A vosotros, gracia y paz.
Siempre damos gracias a Dios por todos
vosotros y os tenemos presentes en nuestras oraciones. Ante Dios, nuestro
Padre, recordamos sin cesar la actividad de vuestra fe, el esfuerzo de vuestro
amor y el aguante de vuestra esperanza en Jesucristo, nuestro Señor.
Bien sabemos, hermanos amados de Dios,
que él os ha elegido y que, cuando se proclamó el Evangelio entre vosotros, no
hubo sólo palabras, sino además fuerza del Espíritu Santo y convicción
profunda. Sabéis cuál fue nuestra actuación entre vosotros para vuestro bien.
Vuestra fe en Dios había corrido de boca
en boca, de modo que nosotros no teníamos necesidad de explicar nada, ya que
ellos mismos cuentan los detalles de la acogida que nos hicisteis: cómo,
abandonando los ídolos, os volvisteis a Dios, para servir al Dios vivo y
verdadero, y vivir aguardando la vuelta de su Hijo Jesús desde el cielo, a
quien ha resucitado de entre los muertos y que nos libra del castigo futuro.
Palabra de Dios
Salmo: 149,1-2.3-4.5-6a.9b
R/. El Señor ama a su pueblo
Cantad al
Señor un cántico nuevo,
resuene su alabanza en la asamblea de los fieles;
que se alegre Israel por su Creador,
los hijos de Sión por su Rey. R/.
Alabad su
nombre con danzas,
cantadle con tambores y cítaras;
porque el Señor ama a su pueblo
y adorna con la victoria a los humildes. R/.
Que los fieles
festejen su gloria
y canten jubilosos en filas:
con vítores a Dios en la boca;
es un honor para todos sus fieles. R/.
Lectura del santo evangelio según san Mateo (23,13-22):
En aquel
tiempo, habló Jesús diciendo:
«¡Ay de vosotros, escribas y fariseos
hipócritas, que cerráis a los hombres el reino de los cielos!

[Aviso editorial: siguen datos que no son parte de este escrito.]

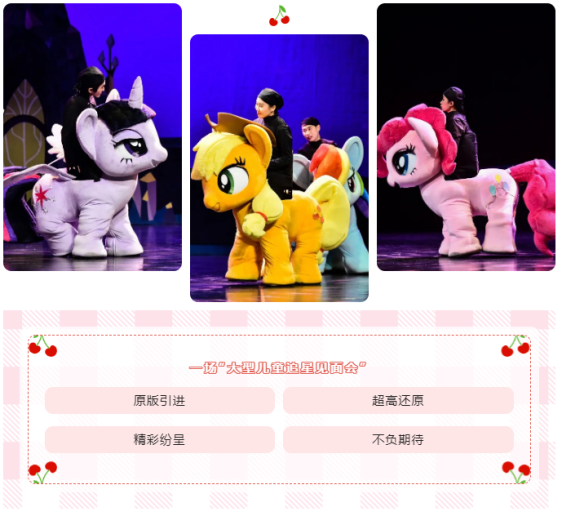 圖片.png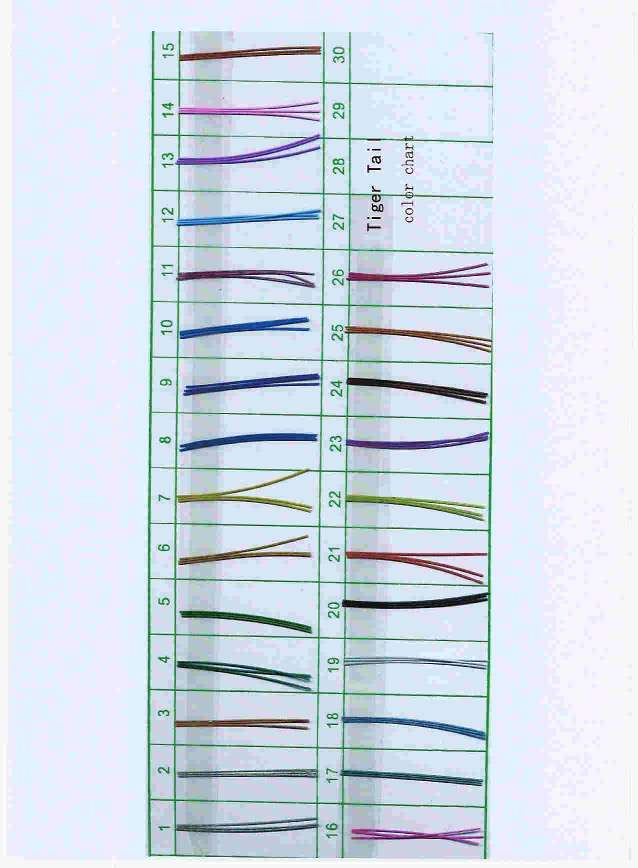steel wire rope - steel wire rope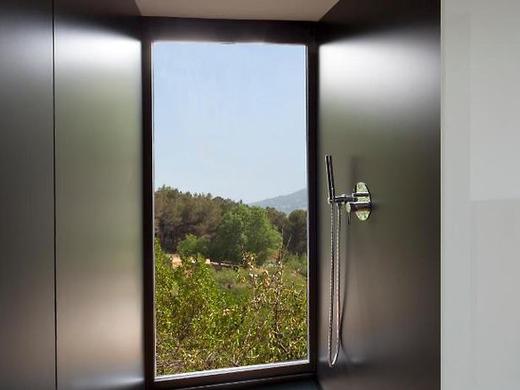 VIVOOD Landscape Hotel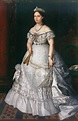 Großherzogin_Sophie_von_Sachsen_Weimar - History of Royal Women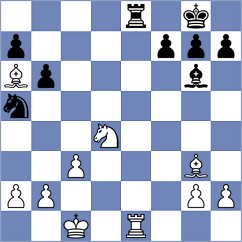 Kosteniuk - Atis (chess.com INT, 2024)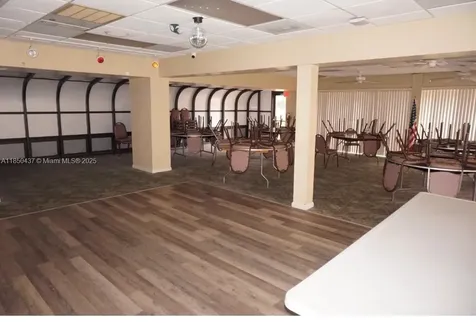 777 S Federal Highway Pompano Beach FL 33062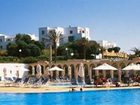 фото отеля Golden Tulip Carthage Residence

Ni entráis
vosotros, ni dejáis entrar a los que quieren.
¡Ay de vosotros, escribas y fariseos
hipócritas, que viajáis por tierra y mar para ganar un prosélito y, cuando lo
conseguís, lo hacéis digno del fuego el doble que vosotros!
¡Ay de vosotros, guías ciegos, que
decís: "Jurar por el templo no obliga, jurar por el oro del templo sí
obliga!" ¡Necios y ciegos! ¿Qué es más, el oro o el templo que consagra el
oro?
O también: "Jurar por el altar no
obliga, jurar por la ofrenda que está en el altar sí obliga." ¡Ciegos!
¿Qué es más, la ofrenda o el altar que consagra la ofrenda? Quien jura por el
altar jura también por todo lo que está sobre él; quien jura por el templo jura
también por el que habita en él; y quien jura por el cielo jura por el trono de
Dios y también por el que está sentado en él.»
Palabra del Señor
1. Jesús deja patente en esta extensa y larga diatriba que los más doctos y observantes cumplidores de la religión se veían a sí mismos como "modelos ejemplares" para el pueblo, pero no veían las contradicciones en que vivían.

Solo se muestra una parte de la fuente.